# Directions for this task
The expected output is the data below, character for character, without its pictures.

╭─ Exercise data

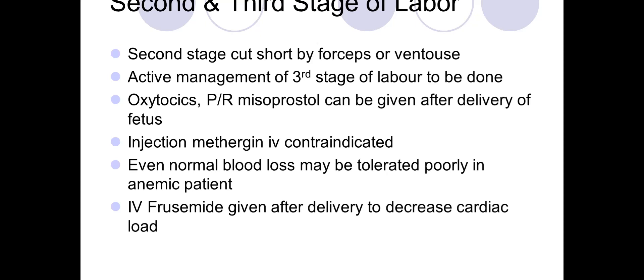If she has to put a lot of force, there is risk that she can go into congestive heart failure. That is why the second stage is shortened by instrumental delivery.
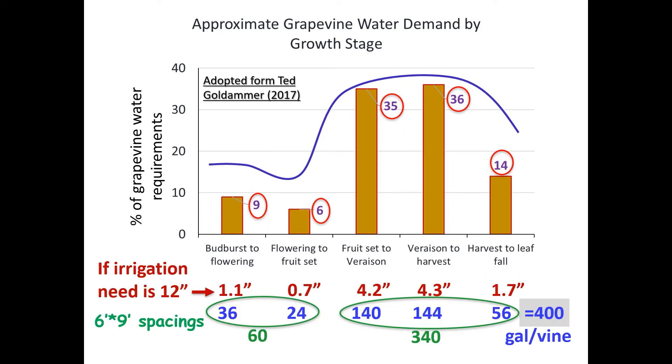If we need to apply 12 inches for our vineyard and we have vineyard vine with 6 by 9 feet spacing, we need totally about 400 gallons per vine. About 60 gallons per vine comes to be for fruit set, and another 340 gallons per vine is for the rest of the season. So it's very important if we can do a good job with irrigation management in that part of the year.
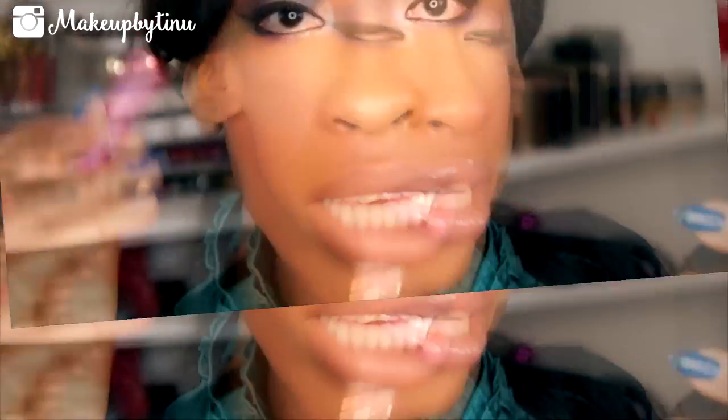The next thing we have is a Buxom Lip Polish — it's a lip polish, so this is like the gloss version of the other one. I know it's glossy but this color feels so good on the lips and it looks good. It's called Sophia. It would go good with this look — the whole look I have going on here, this will look good on it.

╰─

# Written reply
If she has to put a lot of force, there is risk that she can go into congestive heart failure. That is why the second stage is shortened by instrumental delivery.
If we need to apply 12 inches for our vineyard and we have vineyard vine with 6 by 9 feet spacing, we need totally about 400 gallons per vine. About 60 gallons per vine comes to be for fruit set, and another 340 gallons per vine is for the rest of the season. So it's very important if we can do a good job with irrigation management in that part of the year.
The next thing we have is a Buxom Lip Polish — it's a lip polish, so this is like the gloss version of the other one. I know it's glossy but this color feels so good on the lips and it looks good. It's called Sophia. It would go good with this look — the whole look I have going on here, this will look good on it.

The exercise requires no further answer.